Mondo Cane (1962)

Mondo Cane
Directed by Paolo Cavera, Gualtiero Jacopetti, and Franco Prosperi
Written by Paolo Cavera and Gualtiero Jacopetti
Repeat viewing/Netflix rental
One of 1001 Movies You Must See Before You Die

“What we don’t understand we can make mean anything.” ― Chuck Palahniuk

Time and experience have made this shockumentary much less shocking.

This film contrasts “bizarre” behavior of primitive tribes with equally “bizarre” behavior of Western Europeans.  The ultimate message seems to be that humans are pretty disgusting.

Much of the primitive footage comes from Papua New Guinea, where I lived for three years.  The customs are indeed very different from our own but familiarity has made the people seem like just folks doing things the way they have always been done.  One of the problems that I have with the film is that the narrative provides a lot of the shocks.  The footage allows for a number of interpretations of which the film makers select the most “disgusting”.

I definitely could have died without seeing this once, let alone twice.

Mondo Cane was nominated for Best Music, Original Song for the song “More.”


Frank Sinatra sings “More”- audio only

Jules and Jim (1962)

Jules and Jim
Directed by Francois Truffaut
Written by Francois Truffaut and Jean Gruault from a novel by Henri-Pierre Roche
Les Films du Carrosse/Sedif Productions
Repeat viewing/Netflix rental
One of 1001 Movies You Must See Before You Die


Catherine: You said, “I love you,” I said, “Wait.” I was going to say, “Take me,” you said, “Go away.”

This classic so perfectly captures the exhilaration of love and youth that I am always surprised when things turn sour.

The film is set in the teens of the last century.  Austrian Jules (Oskar Werner) and Parisian Jim (Henri Serre) are introduced and immediately become fast friends.
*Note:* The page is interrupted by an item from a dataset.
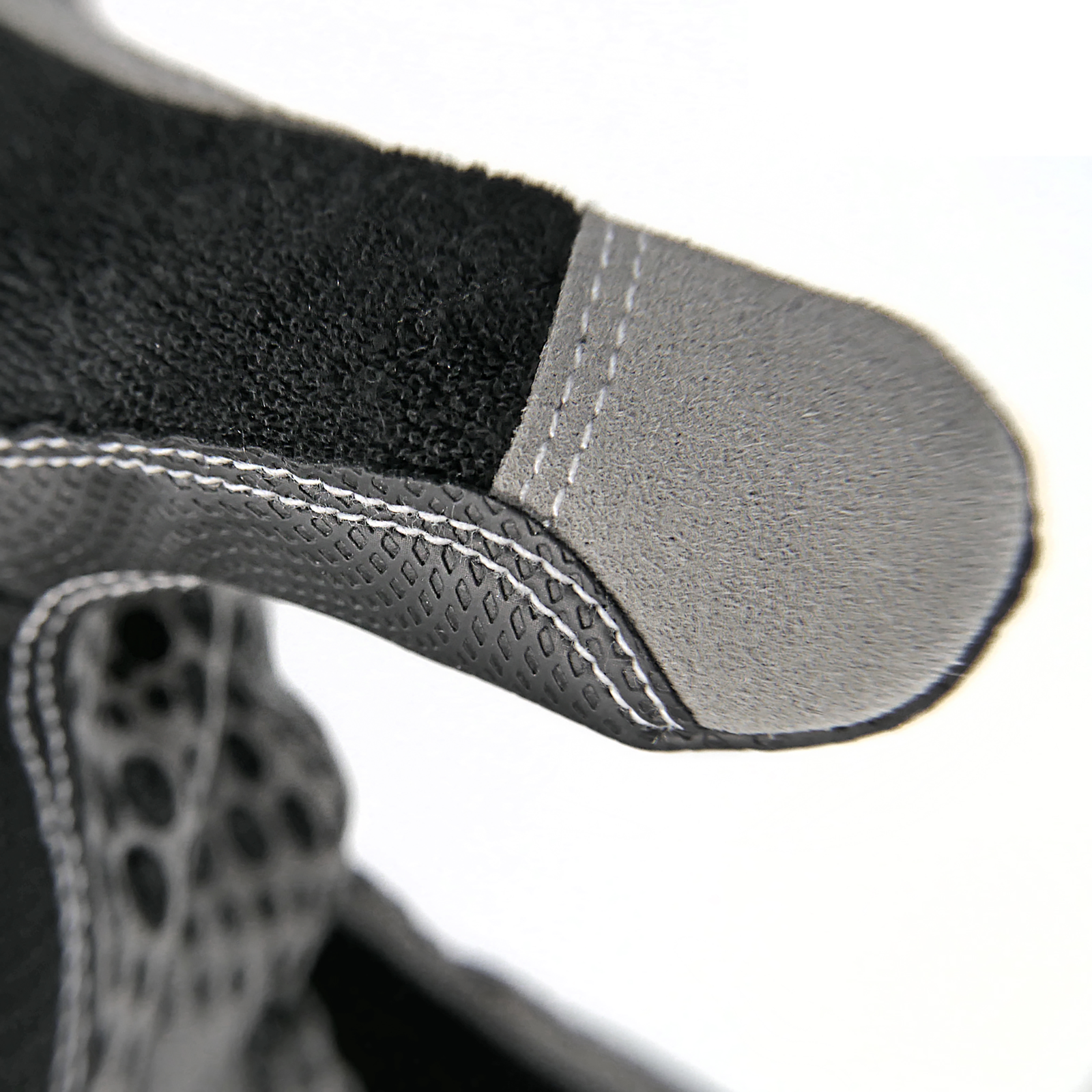 Close up of the fabric of the thumb of the black safety work glove with reinforced finger tips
Jim is more of the ladies man of the two but eventually Jules finds himself a lady friend.  All bets are off when Catherine (Jeanne Moreau) comes along on a blind date.  Now all three of them are besties but it is Jules that becomes her lover.

Catherine is the ultimate free spirit and is not easily tied down.  There is a definite attraction between her and Jim as well.  WWI intervenes with the two men fighting on opposite sides.  Their principal worry is not killing each other.  After the war, the friends are reunited. Jules wants to marry and Catherine makes an approach to Jim.  Signals are crossed and the wedding goes forward, producing a daughter.

Catherine continues to be restless, leading to tragic complications.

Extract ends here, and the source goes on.